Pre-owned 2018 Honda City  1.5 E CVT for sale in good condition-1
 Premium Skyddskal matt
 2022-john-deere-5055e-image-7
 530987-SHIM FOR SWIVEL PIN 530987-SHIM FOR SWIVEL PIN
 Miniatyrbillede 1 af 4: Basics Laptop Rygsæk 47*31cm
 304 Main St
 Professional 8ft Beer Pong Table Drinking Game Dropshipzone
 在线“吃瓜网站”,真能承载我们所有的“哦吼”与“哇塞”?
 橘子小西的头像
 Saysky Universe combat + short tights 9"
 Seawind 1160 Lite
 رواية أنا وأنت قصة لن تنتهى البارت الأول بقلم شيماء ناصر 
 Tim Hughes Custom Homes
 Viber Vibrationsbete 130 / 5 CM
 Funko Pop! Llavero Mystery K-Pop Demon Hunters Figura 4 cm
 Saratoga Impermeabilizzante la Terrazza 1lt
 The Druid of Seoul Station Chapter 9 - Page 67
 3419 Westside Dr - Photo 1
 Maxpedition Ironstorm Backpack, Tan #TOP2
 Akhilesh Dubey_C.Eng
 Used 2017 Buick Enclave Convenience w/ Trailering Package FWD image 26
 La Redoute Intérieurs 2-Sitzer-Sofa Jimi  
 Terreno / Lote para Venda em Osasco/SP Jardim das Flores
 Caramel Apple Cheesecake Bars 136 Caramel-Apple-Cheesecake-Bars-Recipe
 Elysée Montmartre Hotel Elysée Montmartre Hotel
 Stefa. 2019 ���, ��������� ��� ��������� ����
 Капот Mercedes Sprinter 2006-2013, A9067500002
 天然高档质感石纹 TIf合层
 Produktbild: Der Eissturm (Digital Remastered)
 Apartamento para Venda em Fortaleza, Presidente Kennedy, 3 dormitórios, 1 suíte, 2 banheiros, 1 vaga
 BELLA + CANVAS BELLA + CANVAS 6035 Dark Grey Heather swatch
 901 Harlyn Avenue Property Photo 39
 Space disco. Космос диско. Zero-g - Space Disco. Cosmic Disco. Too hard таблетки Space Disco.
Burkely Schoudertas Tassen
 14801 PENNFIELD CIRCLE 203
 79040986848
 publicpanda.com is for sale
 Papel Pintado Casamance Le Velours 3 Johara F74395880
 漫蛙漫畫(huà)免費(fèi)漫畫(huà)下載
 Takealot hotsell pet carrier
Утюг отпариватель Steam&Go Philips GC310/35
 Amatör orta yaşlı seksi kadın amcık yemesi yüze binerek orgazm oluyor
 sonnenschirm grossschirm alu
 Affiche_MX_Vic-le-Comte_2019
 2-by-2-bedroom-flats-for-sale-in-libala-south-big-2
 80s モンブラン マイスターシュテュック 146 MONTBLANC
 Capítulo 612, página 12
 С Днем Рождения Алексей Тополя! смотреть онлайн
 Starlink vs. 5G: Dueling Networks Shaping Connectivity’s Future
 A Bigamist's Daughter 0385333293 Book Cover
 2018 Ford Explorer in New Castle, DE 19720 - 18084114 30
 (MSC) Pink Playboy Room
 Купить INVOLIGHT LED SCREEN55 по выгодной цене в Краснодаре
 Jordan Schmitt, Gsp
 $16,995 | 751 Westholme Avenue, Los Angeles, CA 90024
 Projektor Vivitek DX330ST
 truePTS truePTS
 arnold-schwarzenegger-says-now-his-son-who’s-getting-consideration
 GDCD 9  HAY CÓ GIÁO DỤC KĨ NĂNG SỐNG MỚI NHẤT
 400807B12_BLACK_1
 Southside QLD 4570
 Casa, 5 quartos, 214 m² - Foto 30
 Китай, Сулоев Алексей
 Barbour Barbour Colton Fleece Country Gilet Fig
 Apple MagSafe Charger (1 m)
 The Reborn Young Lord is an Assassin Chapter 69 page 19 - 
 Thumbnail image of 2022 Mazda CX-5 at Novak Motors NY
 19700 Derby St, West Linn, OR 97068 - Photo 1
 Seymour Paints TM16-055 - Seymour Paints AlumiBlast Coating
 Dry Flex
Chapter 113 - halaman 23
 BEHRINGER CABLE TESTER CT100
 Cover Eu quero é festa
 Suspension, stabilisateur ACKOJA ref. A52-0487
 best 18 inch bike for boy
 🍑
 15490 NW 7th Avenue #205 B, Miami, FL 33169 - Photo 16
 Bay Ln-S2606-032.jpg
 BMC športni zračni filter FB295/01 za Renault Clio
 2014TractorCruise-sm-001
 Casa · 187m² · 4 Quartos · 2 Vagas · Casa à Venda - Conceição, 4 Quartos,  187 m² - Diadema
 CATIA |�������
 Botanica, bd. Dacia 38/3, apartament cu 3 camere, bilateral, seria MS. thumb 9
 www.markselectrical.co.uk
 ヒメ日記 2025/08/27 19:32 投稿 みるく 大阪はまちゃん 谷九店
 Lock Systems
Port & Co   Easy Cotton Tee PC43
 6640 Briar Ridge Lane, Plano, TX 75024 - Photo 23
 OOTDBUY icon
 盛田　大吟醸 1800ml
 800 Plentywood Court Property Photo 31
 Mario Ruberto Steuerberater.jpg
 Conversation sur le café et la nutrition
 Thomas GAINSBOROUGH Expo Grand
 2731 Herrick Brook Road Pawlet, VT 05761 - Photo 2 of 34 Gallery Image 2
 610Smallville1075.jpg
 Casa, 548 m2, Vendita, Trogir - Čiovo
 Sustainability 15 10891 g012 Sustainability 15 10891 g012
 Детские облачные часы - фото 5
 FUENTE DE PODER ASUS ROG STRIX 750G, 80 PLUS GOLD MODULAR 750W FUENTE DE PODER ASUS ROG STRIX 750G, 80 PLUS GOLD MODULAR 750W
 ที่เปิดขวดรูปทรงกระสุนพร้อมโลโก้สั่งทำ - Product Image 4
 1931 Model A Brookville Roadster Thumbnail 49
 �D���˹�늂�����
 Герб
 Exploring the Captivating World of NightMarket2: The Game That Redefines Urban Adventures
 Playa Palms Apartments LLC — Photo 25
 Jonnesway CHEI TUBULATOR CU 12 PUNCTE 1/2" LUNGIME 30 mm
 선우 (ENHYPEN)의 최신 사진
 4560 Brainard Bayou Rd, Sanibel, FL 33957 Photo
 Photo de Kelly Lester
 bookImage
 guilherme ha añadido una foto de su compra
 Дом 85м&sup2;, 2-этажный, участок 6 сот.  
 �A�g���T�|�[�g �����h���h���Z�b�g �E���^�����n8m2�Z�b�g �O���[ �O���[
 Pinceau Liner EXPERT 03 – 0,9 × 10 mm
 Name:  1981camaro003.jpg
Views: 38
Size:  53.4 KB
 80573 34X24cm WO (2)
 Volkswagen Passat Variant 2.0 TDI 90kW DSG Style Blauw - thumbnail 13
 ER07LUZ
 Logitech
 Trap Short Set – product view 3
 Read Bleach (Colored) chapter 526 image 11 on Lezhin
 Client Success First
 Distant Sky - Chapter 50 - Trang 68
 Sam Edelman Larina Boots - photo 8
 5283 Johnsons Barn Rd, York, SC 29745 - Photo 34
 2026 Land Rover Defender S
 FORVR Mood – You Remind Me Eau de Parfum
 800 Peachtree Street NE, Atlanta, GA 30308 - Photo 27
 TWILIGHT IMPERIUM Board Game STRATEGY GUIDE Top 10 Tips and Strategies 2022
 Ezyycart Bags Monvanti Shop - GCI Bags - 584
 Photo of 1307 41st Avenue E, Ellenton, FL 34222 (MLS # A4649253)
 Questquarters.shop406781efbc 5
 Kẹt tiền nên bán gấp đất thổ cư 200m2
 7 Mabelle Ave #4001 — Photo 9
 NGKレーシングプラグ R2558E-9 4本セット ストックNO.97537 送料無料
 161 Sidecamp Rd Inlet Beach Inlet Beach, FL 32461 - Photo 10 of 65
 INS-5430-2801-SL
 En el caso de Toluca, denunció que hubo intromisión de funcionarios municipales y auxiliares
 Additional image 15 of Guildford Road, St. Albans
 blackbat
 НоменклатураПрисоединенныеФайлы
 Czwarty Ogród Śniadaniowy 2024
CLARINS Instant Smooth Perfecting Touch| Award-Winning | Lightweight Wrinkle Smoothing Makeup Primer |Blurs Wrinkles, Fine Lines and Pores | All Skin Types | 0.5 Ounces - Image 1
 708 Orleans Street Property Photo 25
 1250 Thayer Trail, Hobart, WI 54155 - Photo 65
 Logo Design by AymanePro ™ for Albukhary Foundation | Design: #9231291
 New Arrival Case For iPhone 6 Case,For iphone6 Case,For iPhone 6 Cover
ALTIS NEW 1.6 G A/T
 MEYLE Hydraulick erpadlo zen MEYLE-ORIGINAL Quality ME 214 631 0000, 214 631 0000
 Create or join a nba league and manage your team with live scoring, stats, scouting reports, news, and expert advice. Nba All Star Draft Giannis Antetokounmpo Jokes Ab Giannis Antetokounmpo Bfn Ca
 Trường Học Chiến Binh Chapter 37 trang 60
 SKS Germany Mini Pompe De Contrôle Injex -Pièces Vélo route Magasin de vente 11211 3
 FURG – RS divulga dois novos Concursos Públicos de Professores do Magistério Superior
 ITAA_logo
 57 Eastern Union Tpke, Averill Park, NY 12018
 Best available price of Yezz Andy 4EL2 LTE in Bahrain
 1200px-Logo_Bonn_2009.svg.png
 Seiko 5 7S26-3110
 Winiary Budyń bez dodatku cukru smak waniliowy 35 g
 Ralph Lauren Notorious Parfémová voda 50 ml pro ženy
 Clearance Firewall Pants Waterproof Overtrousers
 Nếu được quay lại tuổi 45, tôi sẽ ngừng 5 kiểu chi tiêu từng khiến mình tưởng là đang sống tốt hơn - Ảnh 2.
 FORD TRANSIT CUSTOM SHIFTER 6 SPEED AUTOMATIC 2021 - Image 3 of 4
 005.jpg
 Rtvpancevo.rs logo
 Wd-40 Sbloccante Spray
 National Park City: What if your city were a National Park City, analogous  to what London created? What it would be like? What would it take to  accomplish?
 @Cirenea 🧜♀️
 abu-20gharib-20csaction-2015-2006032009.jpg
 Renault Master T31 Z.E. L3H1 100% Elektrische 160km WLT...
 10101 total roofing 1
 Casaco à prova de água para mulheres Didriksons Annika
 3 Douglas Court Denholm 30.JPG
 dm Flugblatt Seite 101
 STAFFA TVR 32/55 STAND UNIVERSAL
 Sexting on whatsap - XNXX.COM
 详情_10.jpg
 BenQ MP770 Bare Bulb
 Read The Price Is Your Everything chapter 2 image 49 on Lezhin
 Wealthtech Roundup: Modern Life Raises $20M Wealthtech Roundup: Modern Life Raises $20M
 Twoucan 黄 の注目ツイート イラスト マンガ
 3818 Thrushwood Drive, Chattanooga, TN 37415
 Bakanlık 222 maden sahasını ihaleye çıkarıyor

# # #

WHAT IS BEING ASKED →
Repeat the material exactly. Begin with its first line and end with the line that has "Saratoga Impermeabilizzante la Terrazza 1lt".

SOLUTION →
Pre-owned 2018 Honda City  1.5 E CVT for sale in good condition-1
 Premium Skyddskal matt
 2022-john-deere-5055e-image-7
 530987-SHIM FOR SWIVEL PIN 530987-SHIM FOR SWIVEL PIN
 Miniatyrbillede 1 af 4: Basics Laptop Rygsæk 47*31cm
 304 Main St
 Professional 8ft Beer Pong Table Drinking Game Dropshipzone
 在线“吃瓜网站”,真能承载我们所有的“哦吼”与“哇塞”?
 橘子小西的头像
 Saysky Universe combat + short tights 9"
 Seawind 1160 Lite
 رواية أنا وأنت قصة لن تنتهى البارت الأول بقلم شيماء ناصر 
 Tim Hughes Custom Homes
 Viber Vibrationsbete 130 / 5 CM
 Funko Pop! Llavero Mystery K-Pop Demon Hunters Figura 4 cm
 Saratoga Impermeabilizzante la Terrazza 1lt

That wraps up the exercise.